Zumal Florentin eine unangenehme Eigenschaft hat: Er verursachte überall Ärger. Mit seinem Eintreten in das Büro, das ahnte der Kommissar aber noch nicht, klebte der Ärger nun auch wie Pech an Maigret.
Die beiden Schulkameraden hatten sich Ewigkeiten nicht gesehen. Das letzte Zusammentreffen fand achtzehn Jahre zuvor am Place de la Madeleine statt. Damals machte Florentin einen selbstbewussten Eindruck, die Frau an der Seite von Florentin, die Maigret damals kennenlernte, wirkte sehr elegant.
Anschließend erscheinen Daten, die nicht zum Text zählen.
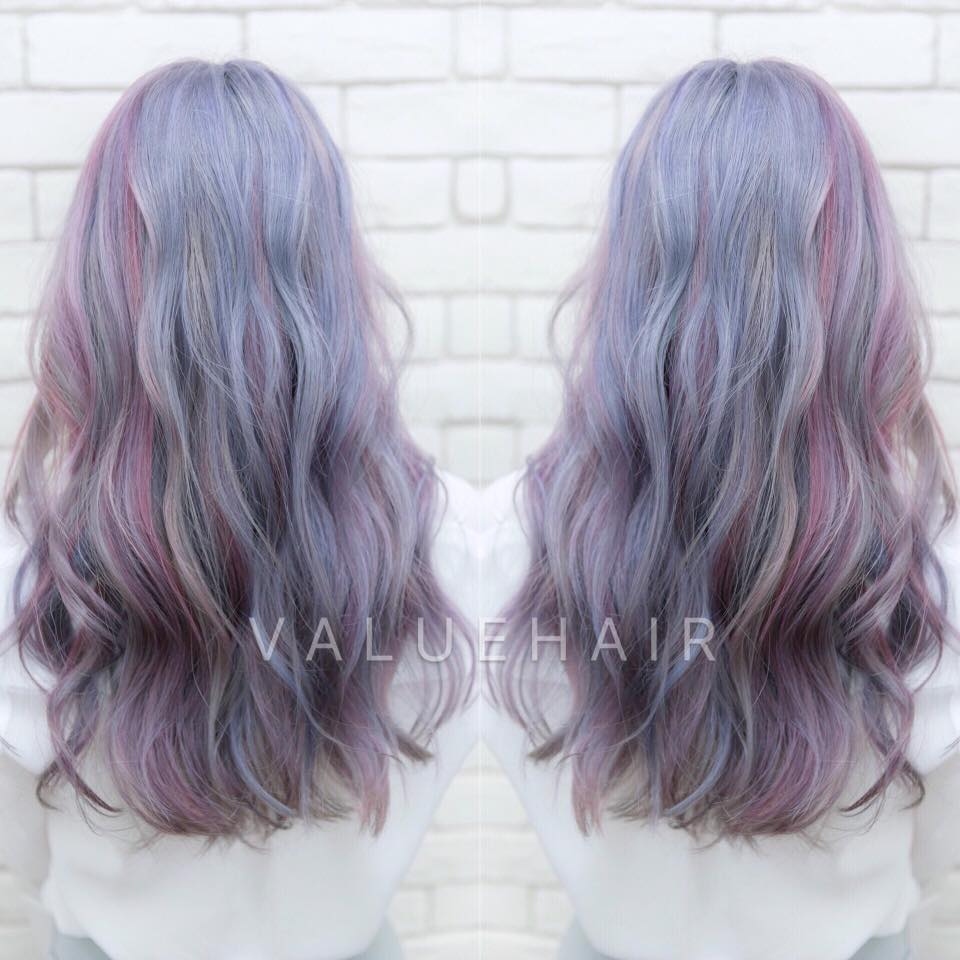 【台中染髮推薦】粉霧獨角獸髮色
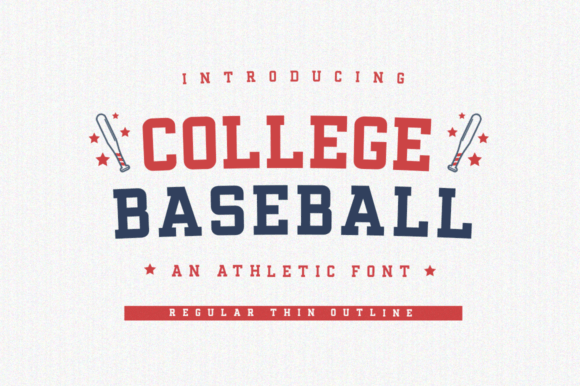 College Baseball: Elevating Sports Design with Bold Typography
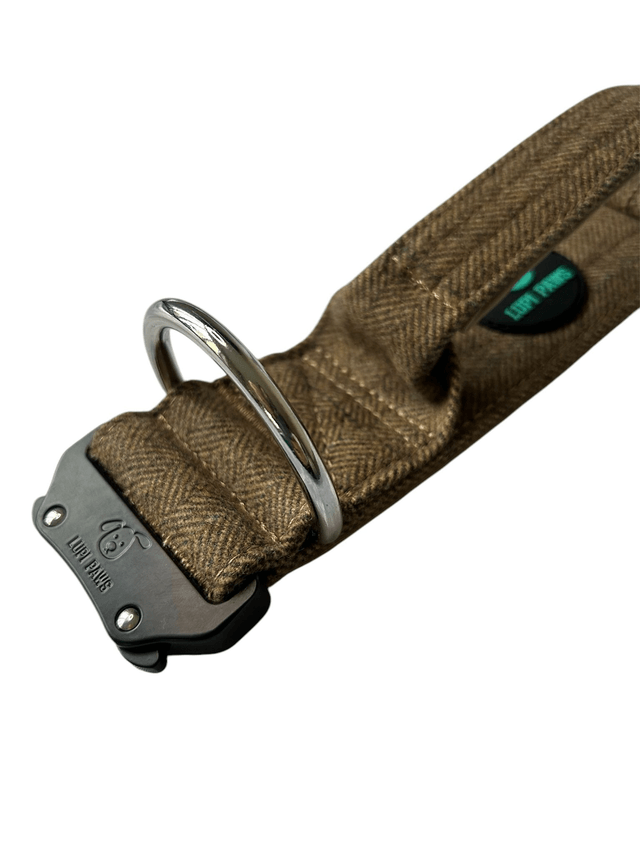 Tweed Collar - Brown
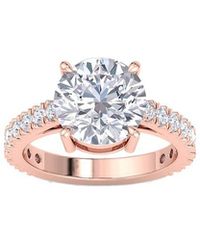 Lab Grown Diamonds - 14k Rose Gold 5.00 Ct. Tw. Lab-grown Diamond Ring - Lyst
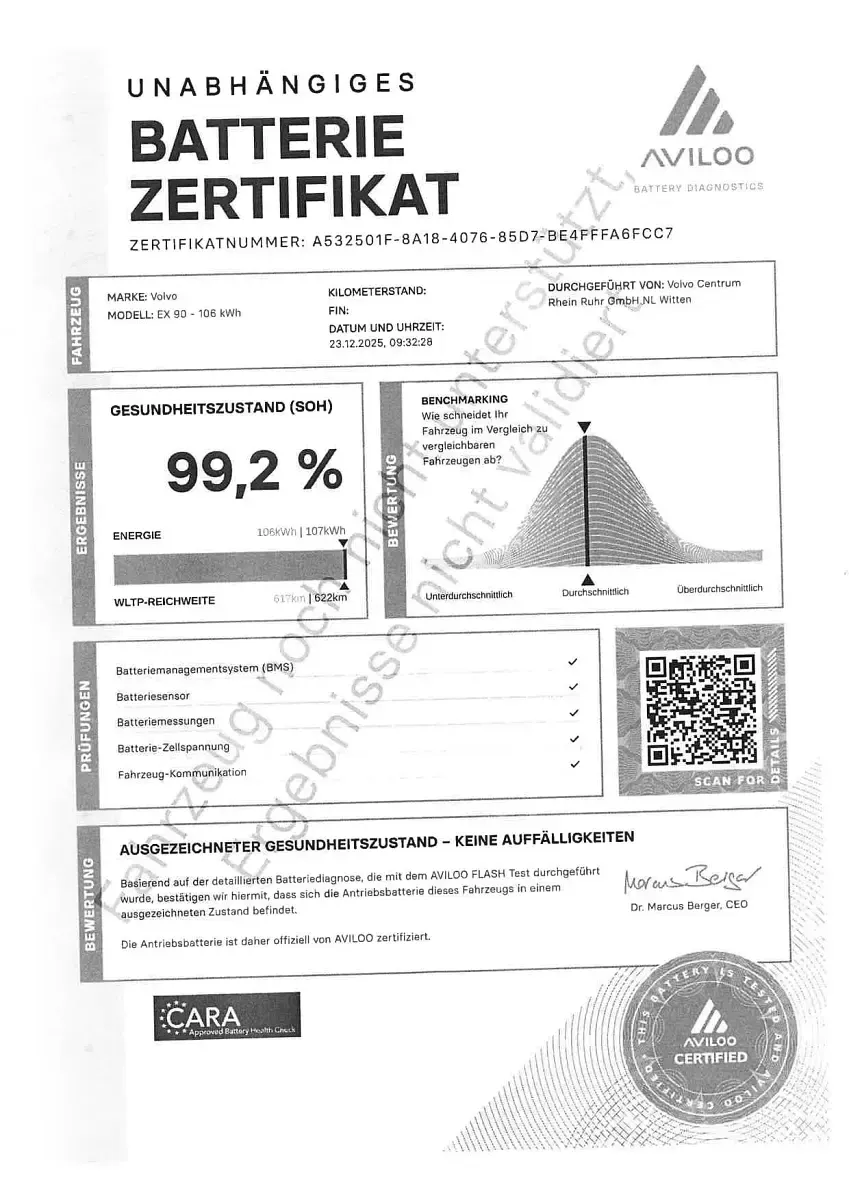 Gebraucht Volvo EX90 Ultra 380 kW (517 PS) 2025 Grau SUV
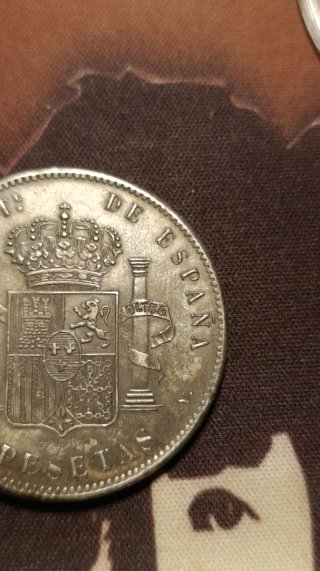 Moneda 5 Pesetas Alfonso XIII 1898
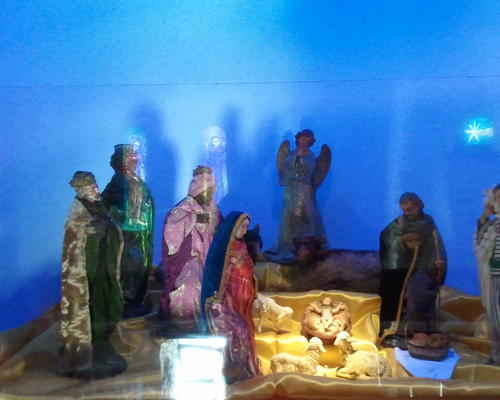 Exposition de Crèches église de  Greccio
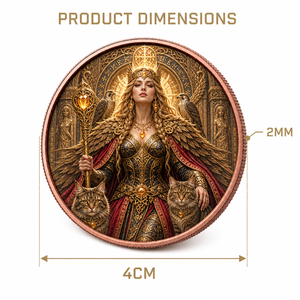 Moneta Commemorativa Personalizzata OZ .999 in Rame Puro, Guerriero Nordico Fantastico con Gatti, Rilievo 3D da Collezione - Product Image 5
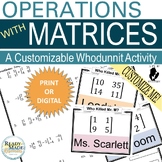 FREEBIE Matrix Operations: Add & Subtract Matrices Mystery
Seine Ehefrau wurde die Frau nicht.
Auf die Frage, wie es ihm denn jetzt als Antiquar ginge, meinte Florentin, dass er sich nicht beklagen könne. Also ganz gut, wenn ihm da nicht die Malheur widerfahren wäre. Nun kann man es drehen und wenn wie man will, aber als Florentin Maigret schildert, dass am Nachmittag seine derzeitige Freundin Joséphine Papet – eine Art Lebensgefährtin – erschossen worden wäre, während er in ihrem Ankleidezimmer wartete, kann der Kommissar darin kein Malheur entdecken. In der Hitliste der Verdächtigen stieg sein Klassenkamerad damit kometenhaft auf. Mademoiselle Papets wurde von drei Herren gesponsert, wenn man es so sagen will, und sie war peinlich genau darauf bedacht, dass sich ihre Unterstützer nicht über den Weg liefen. Natürlich auch nicht ihrem Lebensgefährten Léon Florentin.
Kann es noch schlimmer kommen? Oh ja, es geht immer noch ein wenig schlimmer. Florentin brauchte eine ganze Weile, ehe er den Entschluss gefasst hatte, zur Polizei zu gehen. So etwa eine Stunde.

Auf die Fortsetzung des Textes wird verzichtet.